The agent who arranged her travel has assured her parents that she is going to Italy to get an education. The week before that she is standing outside the Babalawo’s shrine surrounded by empty glass bottles, bush, the scent of stale blood and a chicken cock-a-doodling louder than usual because it knows what’s coming. She has given the Babalawo some pubic hair and fingernails, and he has pricked her index finger for blood. 

She makes the oath: she will never give birth, if she breaks her promise to her Madam—the woman standing next to her. They are bound together. 

After that, she is in Libya. The middle of the passage. A different Africa from home in Nigeria and cruel in different ways. Maybe that’s why she lets the juju hold her. It is another bit of home she can take with her. 

But that day in the market, the journey is unknown, and the promise of smelling the Italian air makes her nose wet in anticipation. She sees the shirt hanging on the stall door and it reads, “I am super happy,” in white ink on black cotton. 

* * *

I sweep up and down Lagos Island for three hours, and once or twice, I use so much momentum that the broom slips out of my grasp and lands a few feet ahead of me. My broom doesn’t sweep the refuse away. Rather, it carries the filth and sand and rubble from street to street. When the filth starts to stick to my toes, ankles, legs, and arms, creeping up to the base of my neck, I contemplate whether the women in 1924 were sweeping to rid the land of the dirt, or to become reacquainted with land that was slipping away from them. 

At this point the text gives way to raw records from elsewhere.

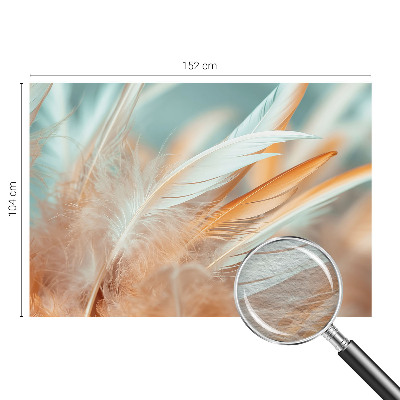 Fototapeta za spalnico z motivom nežnega perja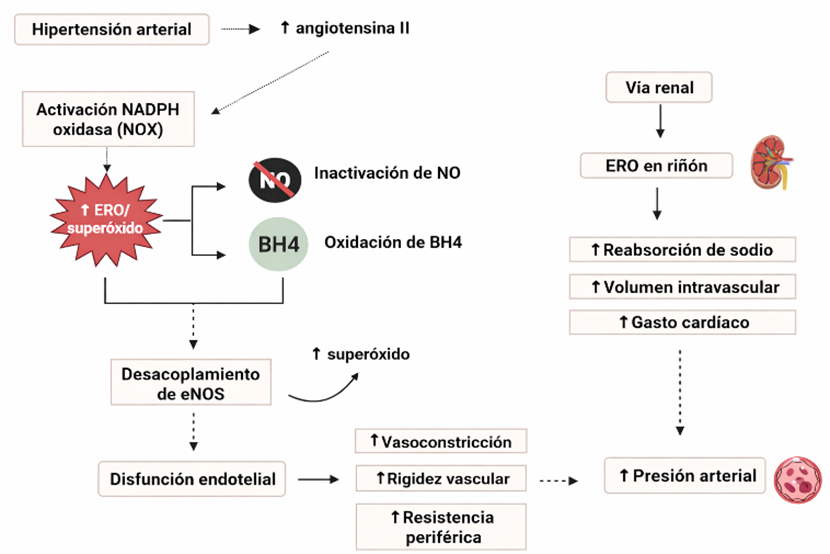 Figura 1: Mecanismos ERO–NO en hipertensión arterial
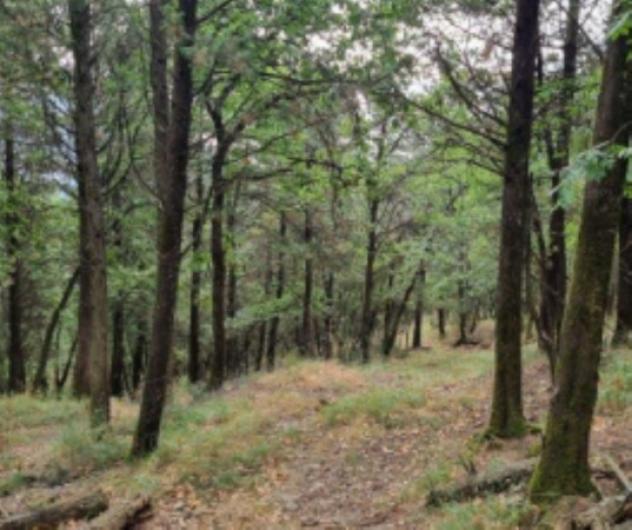 Immobile in asta di 19 m² in vendita a Montemurlo - Foto 13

In A Map to the Door of No Return, Canadian poet and writer Dionne Brand notes, “there is a sense of return in migrations…migrations suggest intentions or purposes. Some choice, and if not choice, decisions. And if not decisions, options, all be they difficult.” Without their names, I dance and sweep to remember the twenty-six girls who made difficult decisions when they migrated. Girls for whom return is impossible. How do you make home? As a process, a performance, as a ritual? I acquaint myself with the soot to ask these questions rather than answer them.  

When both the broom and I are completely filthy, I pour kerosene on it and set it on fire. It takes hours before it finally burns.